Exercise prompt:
Only the lines from the one containing "问鼎娱乐app下载-琉球银河" to the end of the listing below should be returned, exactly as written and without pictures.

========================================================================

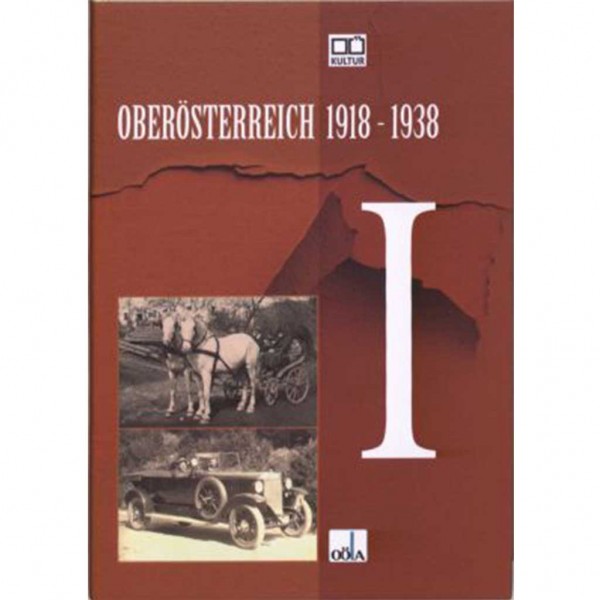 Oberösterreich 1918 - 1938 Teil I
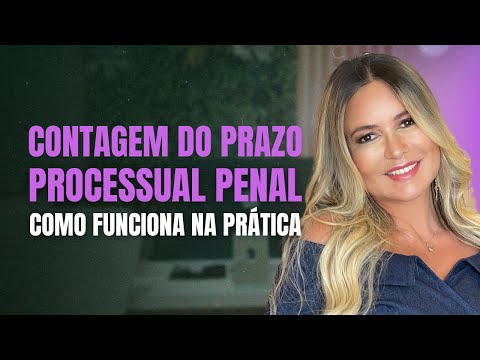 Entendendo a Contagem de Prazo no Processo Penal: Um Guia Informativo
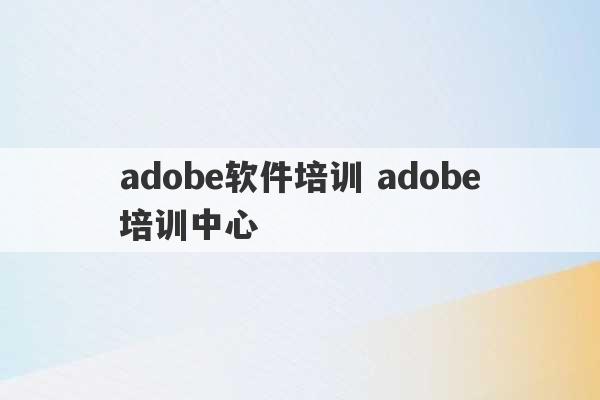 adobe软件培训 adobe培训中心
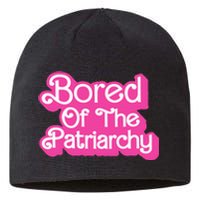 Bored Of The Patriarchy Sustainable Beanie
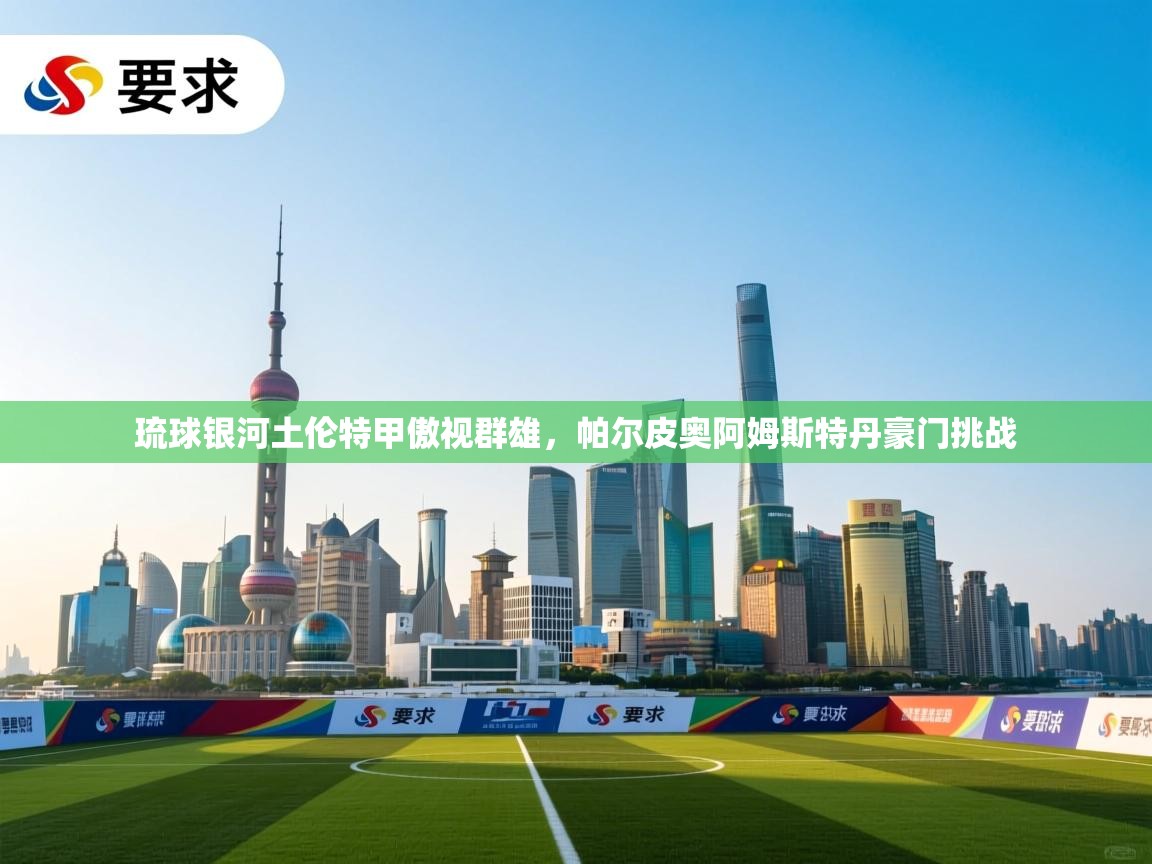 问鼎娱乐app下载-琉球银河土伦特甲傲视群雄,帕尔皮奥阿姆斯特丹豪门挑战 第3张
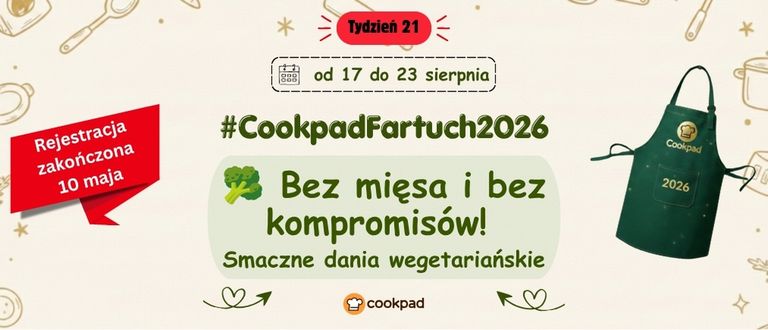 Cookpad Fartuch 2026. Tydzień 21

========================================================================

Written answer:
 问鼎娱乐app下载-琉球银河土伦特甲傲视群雄,帕尔皮奥阿姆斯特丹豪门挑战 第3张
 Cookpad Fartuch 2026. Tydzień 21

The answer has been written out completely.